Ancak özellikle böyle zamanlarda aklıselim ve insaf ölçüleri kolaylıkla kaybedilebiliyor; İslâmî ölçülere de, medenî insandan beklenmesi gereken davranış kalıplarına da uymayan fanatizm örnekleri ne yazık ki sıkça sergilenebiliyor.
Nitekim bizim netice itibarıyla vakıalara dayandırarak ortaya koyduğumuz tesbitlere ve bunlardan hareketle yaptığımız siyasî değerlendirmelere gelen tepkilerin bir kısmı bu ölçüsüzlüklerin düşündürücü örneklerini içeriyordu.
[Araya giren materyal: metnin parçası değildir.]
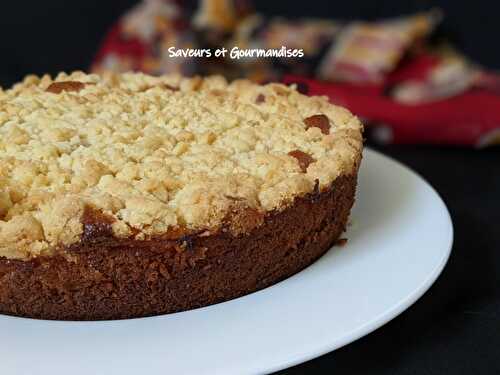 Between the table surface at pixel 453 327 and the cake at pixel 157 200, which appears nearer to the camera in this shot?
the cake at pixel 157 200

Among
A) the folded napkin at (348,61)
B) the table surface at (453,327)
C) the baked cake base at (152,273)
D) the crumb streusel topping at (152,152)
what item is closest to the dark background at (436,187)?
the table surface at (453,327)

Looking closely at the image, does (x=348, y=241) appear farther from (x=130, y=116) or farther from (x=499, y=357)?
(x=130, y=116)

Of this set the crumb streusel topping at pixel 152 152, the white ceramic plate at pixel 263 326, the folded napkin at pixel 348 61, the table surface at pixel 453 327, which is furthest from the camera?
the folded napkin at pixel 348 61

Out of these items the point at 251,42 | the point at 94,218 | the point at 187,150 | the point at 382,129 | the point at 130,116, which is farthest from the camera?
the point at 251,42

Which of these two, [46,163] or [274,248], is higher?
[46,163]

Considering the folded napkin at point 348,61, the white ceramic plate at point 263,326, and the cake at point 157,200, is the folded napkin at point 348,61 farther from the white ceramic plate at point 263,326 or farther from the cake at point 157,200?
the white ceramic plate at point 263,326

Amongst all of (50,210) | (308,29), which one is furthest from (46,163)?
(308,29)

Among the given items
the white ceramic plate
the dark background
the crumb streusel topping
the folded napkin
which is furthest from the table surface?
the folded napkin

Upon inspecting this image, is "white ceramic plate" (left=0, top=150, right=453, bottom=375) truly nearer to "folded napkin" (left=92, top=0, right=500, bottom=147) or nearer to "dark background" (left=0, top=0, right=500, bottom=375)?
"dark background" (left=0, top=0, right=500, bottom=375) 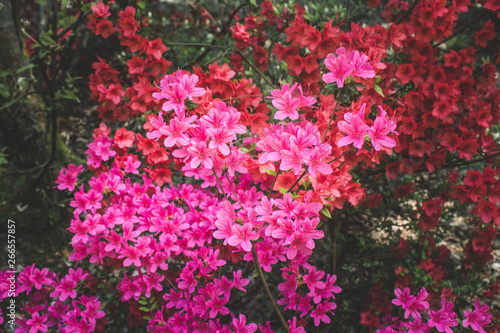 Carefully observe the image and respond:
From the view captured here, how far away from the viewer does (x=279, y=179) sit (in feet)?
4.90

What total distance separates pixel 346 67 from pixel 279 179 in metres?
0.51

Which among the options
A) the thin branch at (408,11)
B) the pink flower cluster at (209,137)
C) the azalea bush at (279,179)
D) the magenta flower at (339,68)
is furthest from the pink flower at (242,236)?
→ the thin branch at (408,11)

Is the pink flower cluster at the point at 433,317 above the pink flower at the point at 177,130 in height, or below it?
below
Evvelce din adına çıkmış bir partiye destek vermeyenleri mason uşaklığıyla ve hattâ dinden çıkmakla suçlayan kültürün, bazı insanların dünyasında hâlâ hüküm sürmeye devam ettiğini gösteren örnekler ise daha da üzücüydü.
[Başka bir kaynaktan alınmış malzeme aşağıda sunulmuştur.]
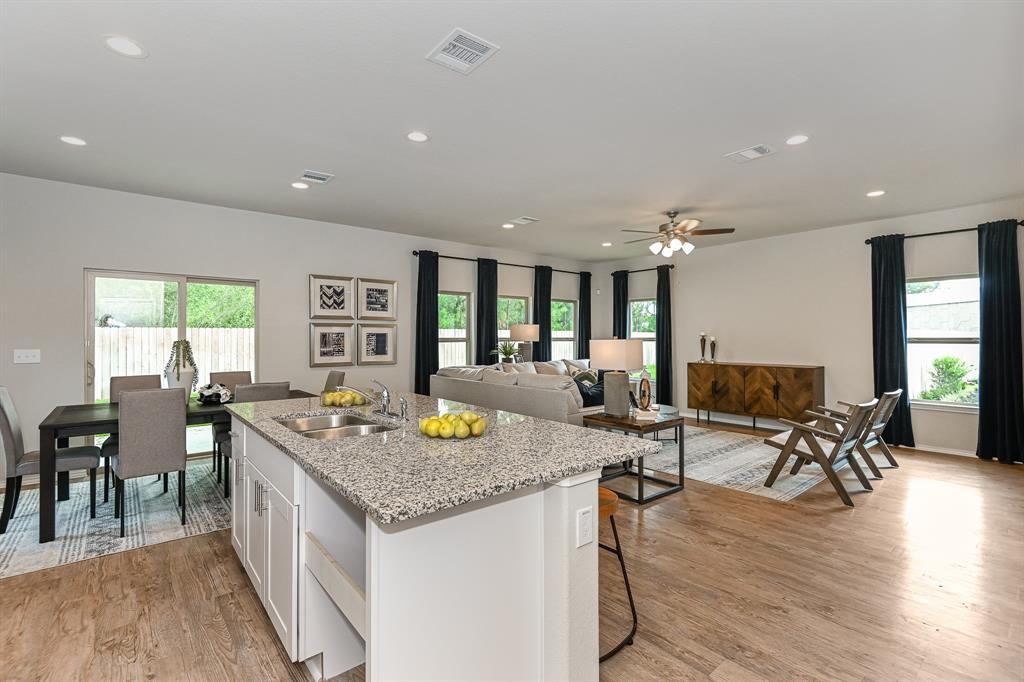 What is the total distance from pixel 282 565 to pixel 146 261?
4378mm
Dini kendi partisine inhisar ettirerek büyük bir ekseriyette dine aleyhtarlık meyli uyandırma vebalini netice veren bu çok yanlış ve sakat anlayışın artık çok gerilerde kalmış olması gerekmiyor mu?
Öte yandan, siyasî tercihleri sükûnetle, farklı görüş sahiplerini yerin dibine batırıp cehennem yolcusu ilân etmeden, karşılıklı olarak birbirini anlamaya çalışan samimî ve yapıcı tavırlarla tartışmaya alışmamız da icab etmiyor mu?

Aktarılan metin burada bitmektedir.